**WHAT NEEDS TO BE DONE:**
Write out exactly every line from the one containing "Como reconhecer a arte românica" through the final line of the material below, both included. Pictures are to be skipped.
DATA FOR THIS TASK section start
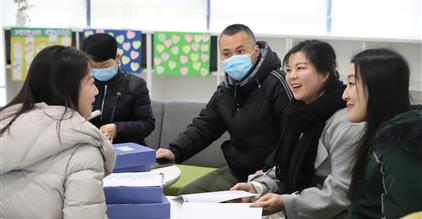 家校同行 共创未来 | 家委访校深度体验之旅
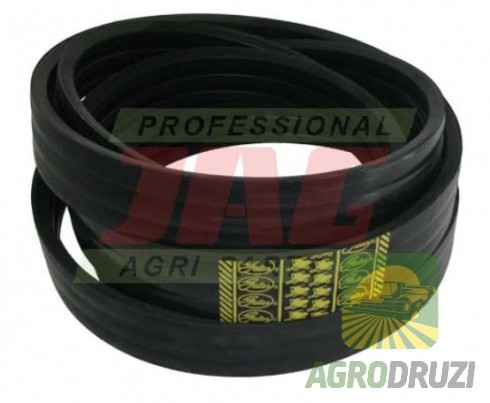 Ремінь 3HBx4772La Gates 1424398 Claas 724100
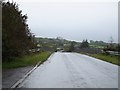 Bridge over A30 at Tongue End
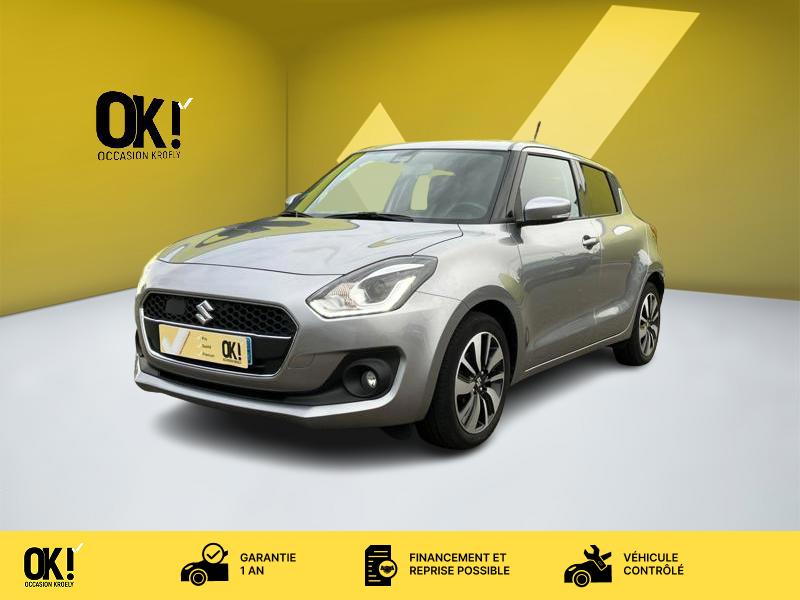 Image de l'annonce principale - Suzuki Swift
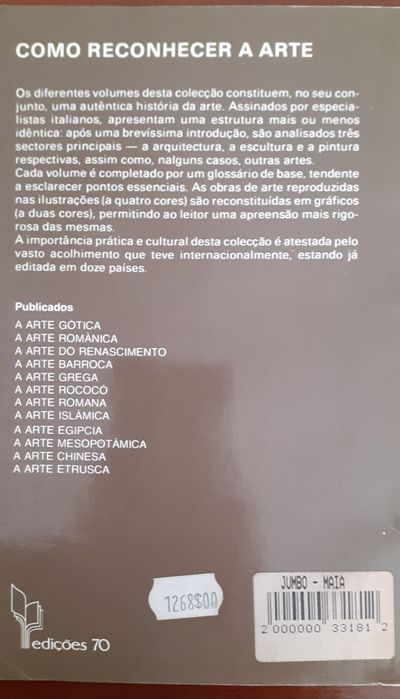 Como reconhecer a arte românica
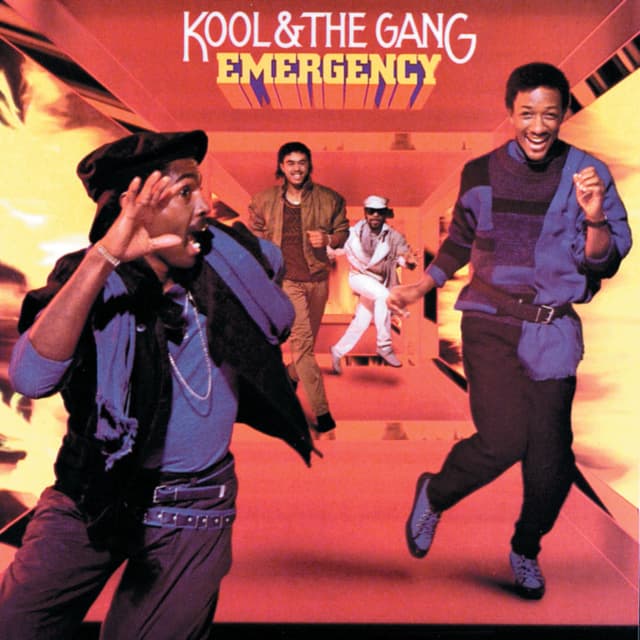 Emergency (Reissue) cover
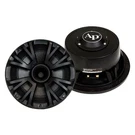 Audiopipe Apmp Series 8" 300W 4 Ohm Midrange Speaker. Fixed Price $95.99.
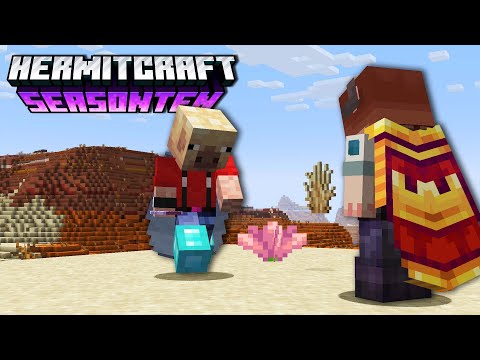 Everything NEW in Minecraft With REN! | Hermitcraft 10: Episode 37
DATA FOR THIS TASK section end
**OUTPUT FOR THIS EXERCISE:**
 Como reconhecer a arte românica
 Emergency (Reissue) cover
 Audiopipe Apmp Series 8" 300W 4 Ohm Midrange Speaker. Fixed Price $95.99.
 Everything NEW in Minecraft With REN! | Hermitcraft 10: Episode 37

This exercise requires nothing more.